General Information On Blow Molding

By Genevive B. Mata


There are numerous procedures that go into manufacturing various goods. Blow molding is among those and is meant to produce hollow parts using plastic materials. Generally, there are three kinds done in this process: injection stretch, injection, extrusion.

The procedure starts with plastic being melted. This is then formed into a parison or preform. The latter refers to that which applies to injection stretch and injection practices. The parison is a plastic, tube-shaped piece that has a hole at the end in which compressed air is designed to pass through. This clamps to the mold and air is then blown inside. Pressure from the air is enough to push the plastic out to fit the mold. After being cooled and hardening, the mold opens and is then ejected.

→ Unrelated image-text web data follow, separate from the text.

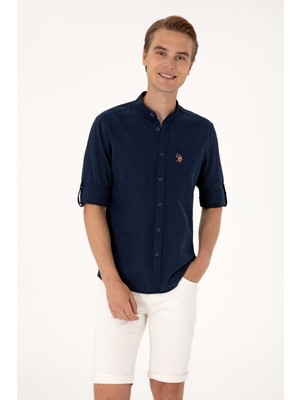 U.s. Polo Assn. Erkek Lacivert Gömlek Desenli 50300215-VR033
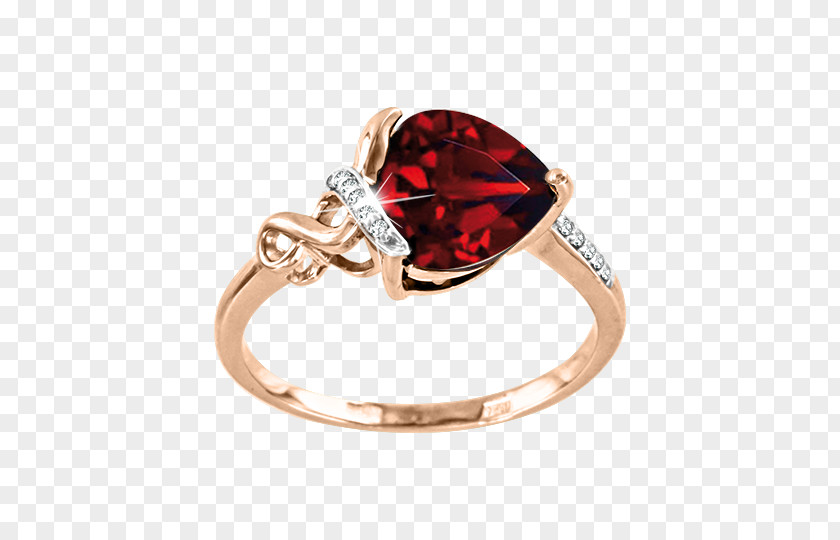 Ring Cubic Zirconia Czerwone Złoto Garnet Body Jewellery PNG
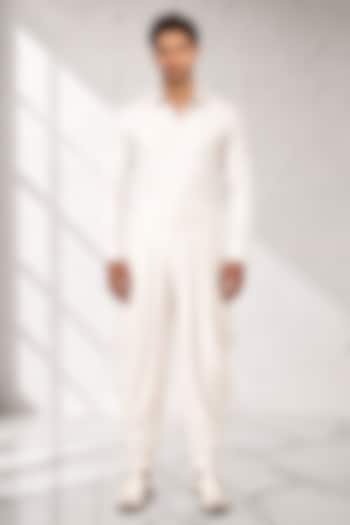 Off-White Cotton Silk Dhoti Pants by Bubber Couture at Pernia's Pop Up Shop
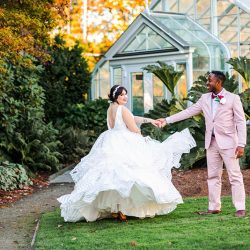 You'll need to fan yourself from the pink suit & striped dress at this romantic Sunday wedding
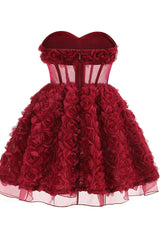 Strapless Corset Floral A Line Dress | Dress In Beauty Strapless Corset Floral A Line Dress | Dress In Beauty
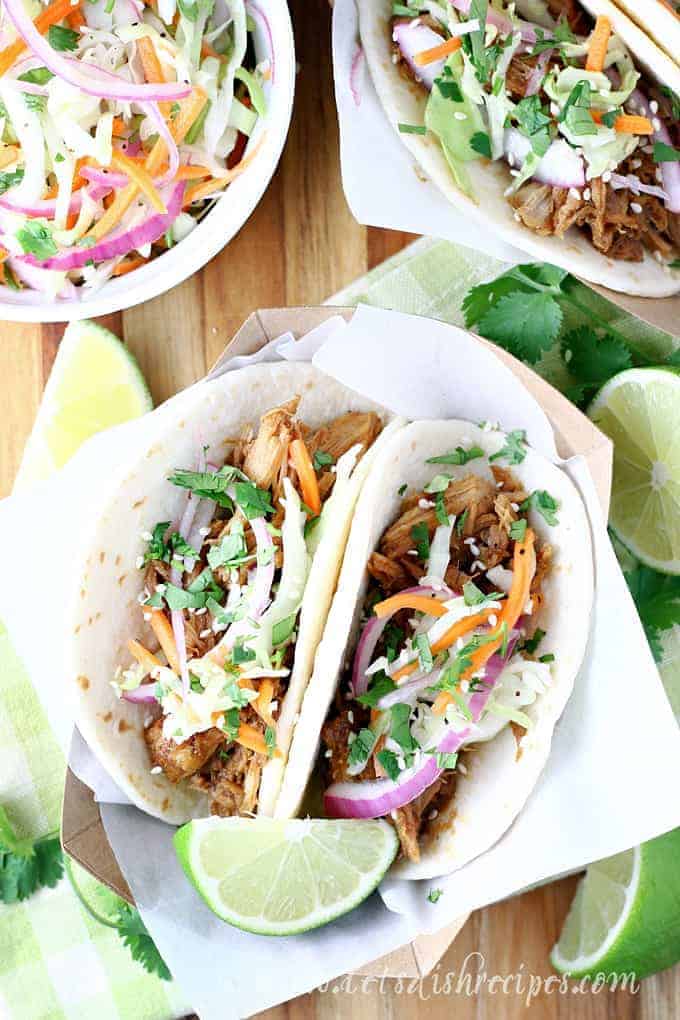 Slow Cooker Korean Pork BBQ Tacos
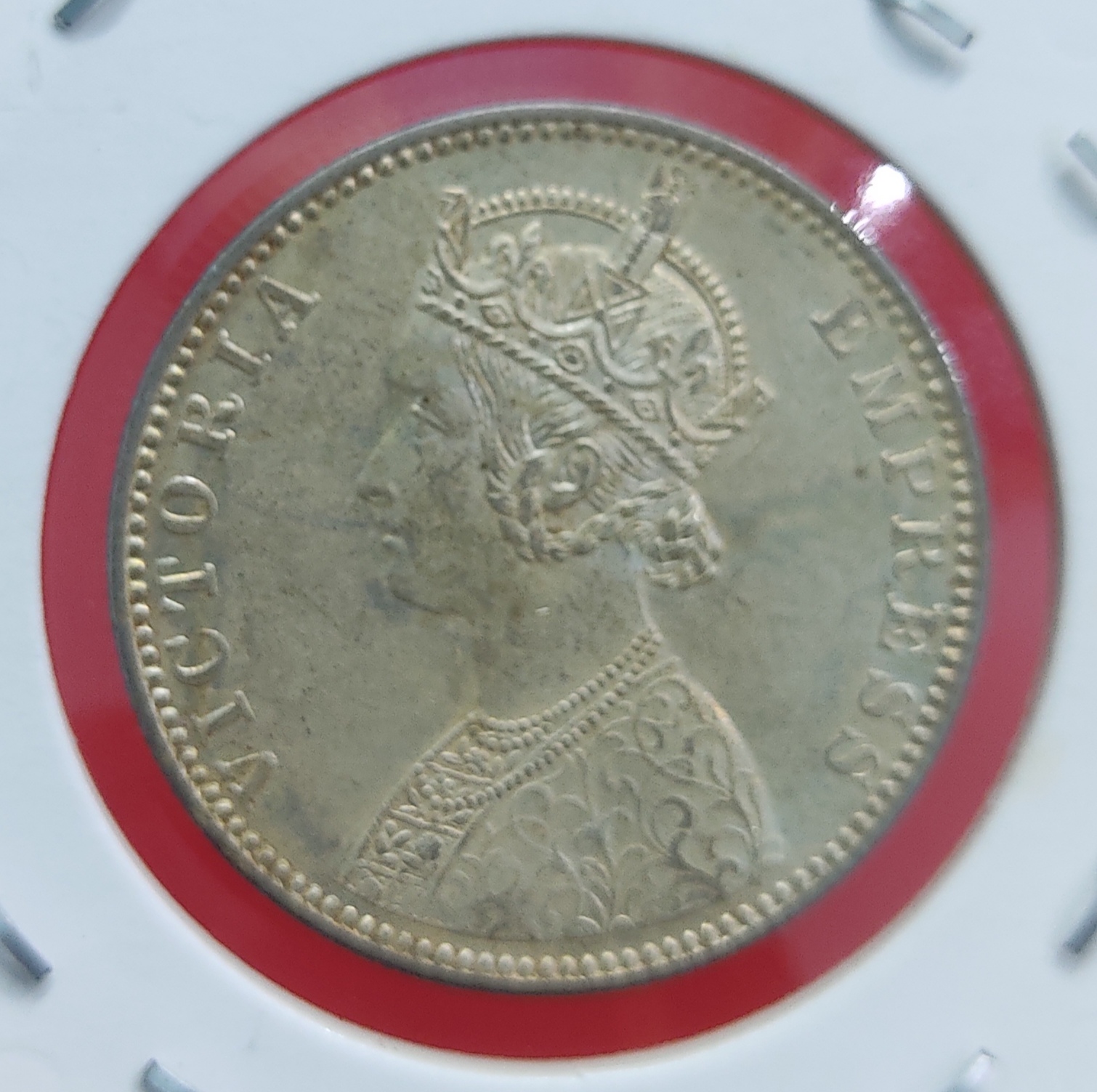 One Rupee Silver Coin Victoria Empress 1890 Bombay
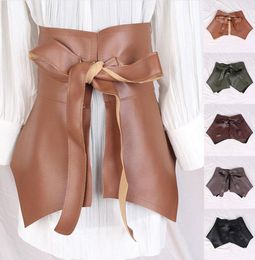 Belts PU Leather Ultra Wide Cummerbunds Corset Belt Solid Colour Selftie Knotted Waistband Women Skirt Peplum Ruffle1665434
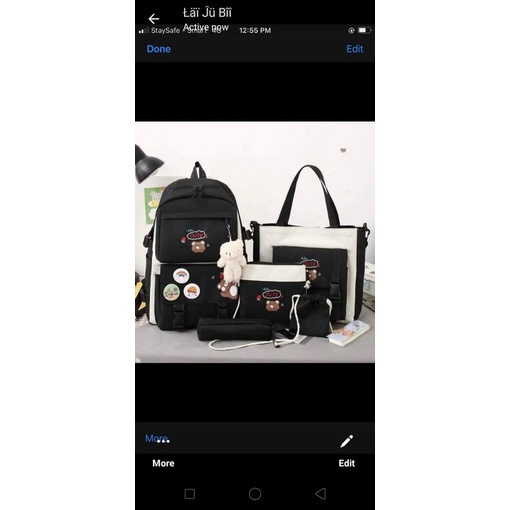 Set balo 4 món, Bao Thời Trang, Balo Chống Thấm Nam Nữ - SET 4 MÓN GẤU CUTE ulzzang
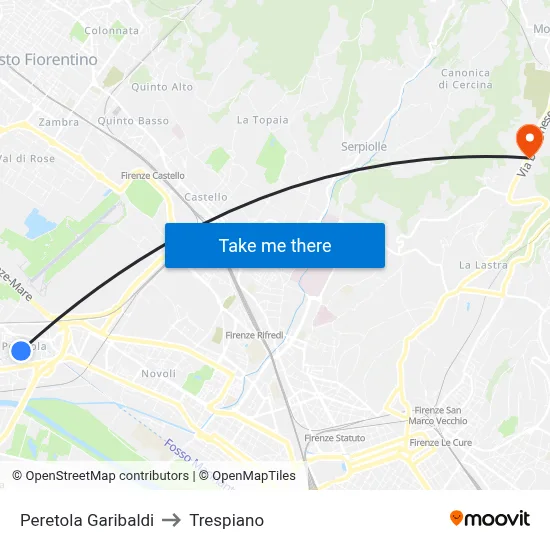 Peretola Garibaldi to Trespiano map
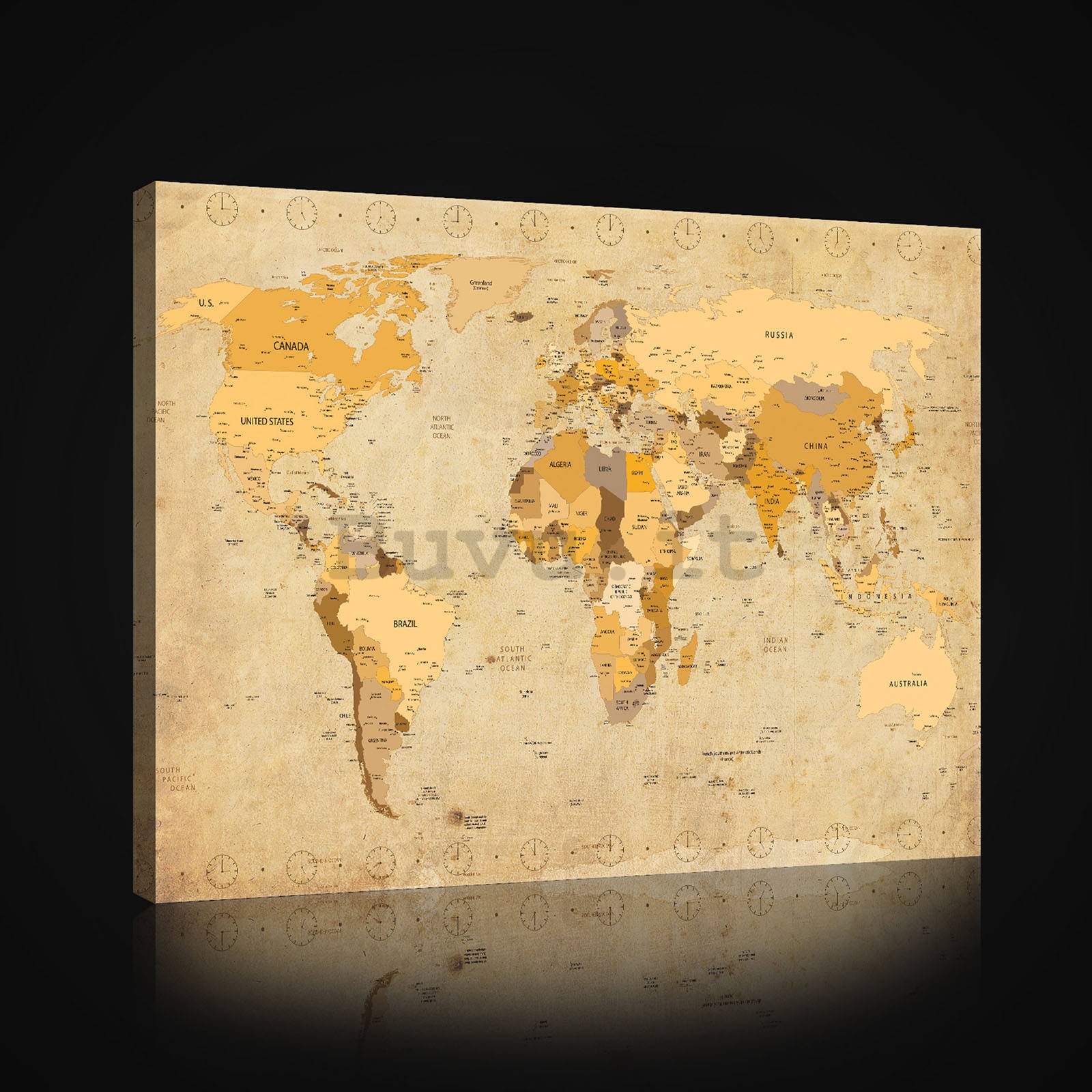 Quadro su tela: Mappa del mondo (Vintage) - 80x60 cm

William Kopitke and Enoch Ferngren are credited as the first to have used this process. The concept behind the technique is nothing new and is based off glassblowing. The two men built a blow-molding device and in the later half of the 1930s, sold it to the Hartford Empire Company. This move would lead to the eventual popularity of the process commercially.

Limitations of variety and number in the products meant that this process did not become popularized until later. Once variety and production rates grew, the number of the goods increased as well. In the United States soft-drink industry, the plastic bottles that were made in 1977 was zero. The number increased to ten billion by 1999. In the modern day, even more products are being blown, a number that is expected to increase as time goes.

There are multiple typologies with this practice. Extrusion process, also known as EBM, involves the plastic being melted and later extruded in a tube that is hollowed out. The process might be intermittent or continuous. The kinds of products typically made with this approach: watering cans, automotive ducting, milk bottles, polyethylene hollow products, shampoo bottles and more.

Injection, or IBM, is employed for production of hollow glass, as well as plastic objects in big quantities. With this process, polymer is injection molded on a core pin, which is rotated to another station to be inflated and later cooled. This is the least used process of the three different kinds. There are two different methods commonly used for the injection stretch process: single and two stage.

There are disadvantages and advantages associated with the three different types of molding. Likewise, these are employed for the manufacturing of different parts. The practice, as a whole, has become more common and is employed in numerous industries of today.